I went to brunch yesterday morning with friends and wore a beautiful bright floral day dress from the 1950's. It's the type of dress that I imagine my Gran probably wore to her Sunday church service with matching hat and gloves. A lovely fitted bodice with the original metal side zip and a slight flare to the skirt to give you that perfect hour glass figure.

I don't often wear this frock as the cotton fabric has not been well cared for over the years and it is now very delicate. Yes, you know where this story is heading...on the way to the cafe in the car I twisted around to grab something off the back seat (no I wasn't driving while attempting this) and heard a ripping noise. I had managed a large tear in the bodice right on the left breast. Not even on a seam - right in the middle of the fabric. Thankfully, I had a cardi with me which saved me (although, I almost perspired to death...)
This little episode reminded that there are some fundamental rules when buying vintage:
1. Always check seams, zips and fabric for wear & tear.

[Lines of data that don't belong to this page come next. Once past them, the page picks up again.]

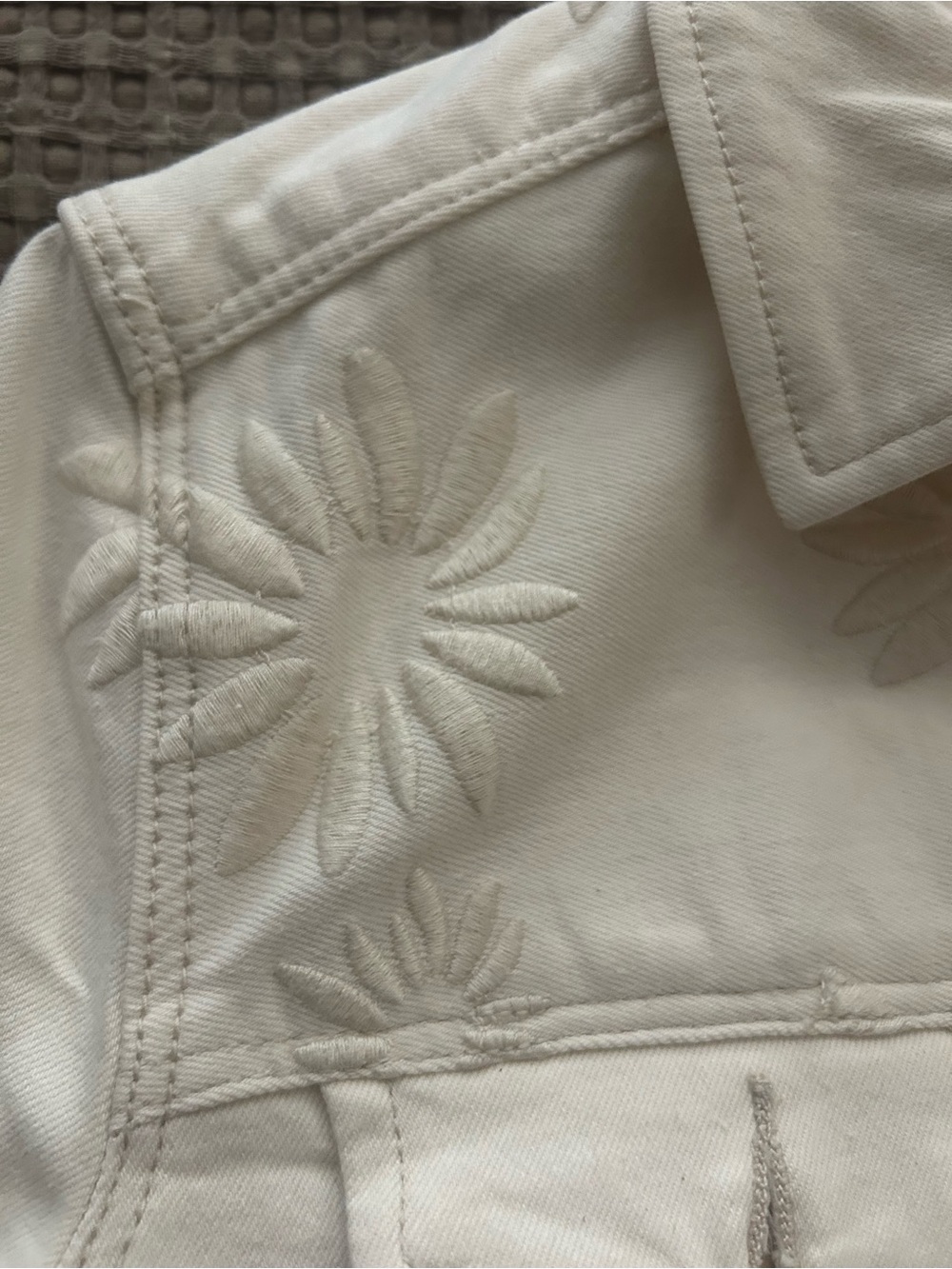 Liverpool women’s  Cream Jacket - Picture 6 of 6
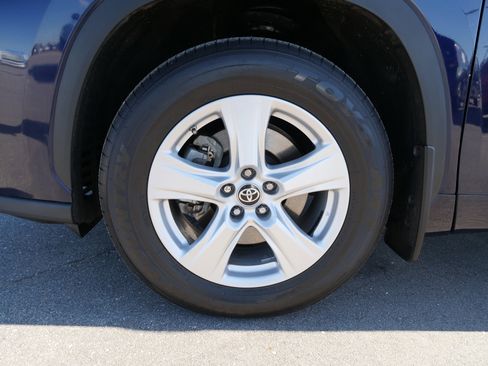 Used 2022 Toyota Highlander L image 13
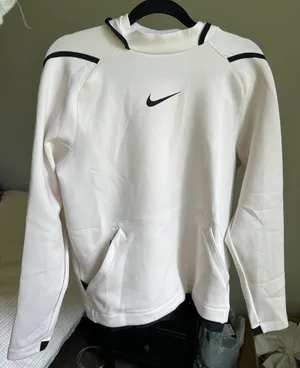 Nike Pro Hoodie thumbnail 1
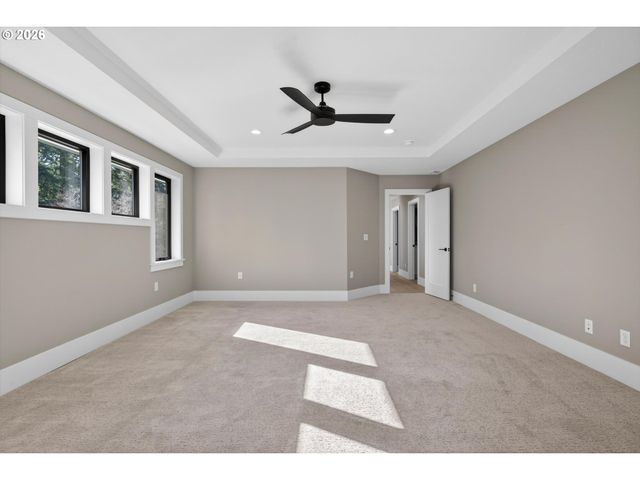 891 8TH St, Lake Oswego, OR 97034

This doesn't mean don't buy at all if there are faults. I'm absolutely of the belief that some small flaws actually add to the history and uniqueness of the garment. Nevertheless, if the fabric is threadbare, no amount of doctoring will save the garment from the inevitable disintegration it is ultimately destined for.
2. Just because you love the pattern/colour of the fabric does not mean it is quality fabric. Just like modern materials, some vintage fabrics were not made to last. Many are also a pain in the bum to wear. Fabrics like some silks and linen crease and stain very easily and are also hard to maintain and susceptible to rapid degeneration. Underarm stains are a good indication...If there are yellow stains and/or the fabric is thin under there, probably best not to buy it.
3. If it's not the right shape for your body (ie: too tight in the bust, or waist) it will stretch, it will be uncomfortable to wear...and quite possibly you will have an embarrassing moment in it.
4. Just because it is vintage and has a designer label does not mean it is a quality garment.
5. Only buy a vintage garment that you know you will wear and feel confident that you can pull it off. What is the point of buying something because you like the idea of it...You have to also like wearing it...otherwise you've wasted your money!
I (usually) always check zips, seams and quality of fabric before buying


Jen (MahaloFashion) said...

I love these two vintage dresses you picked out, so darling!

olivegrey said...

Some good advice! I am soo lucky. My nan has moved into a nursing home and I am now the owner of BRAND NEW with the tags still on 60s dresses and tops and pants. I am wondering if it is okay to wash them?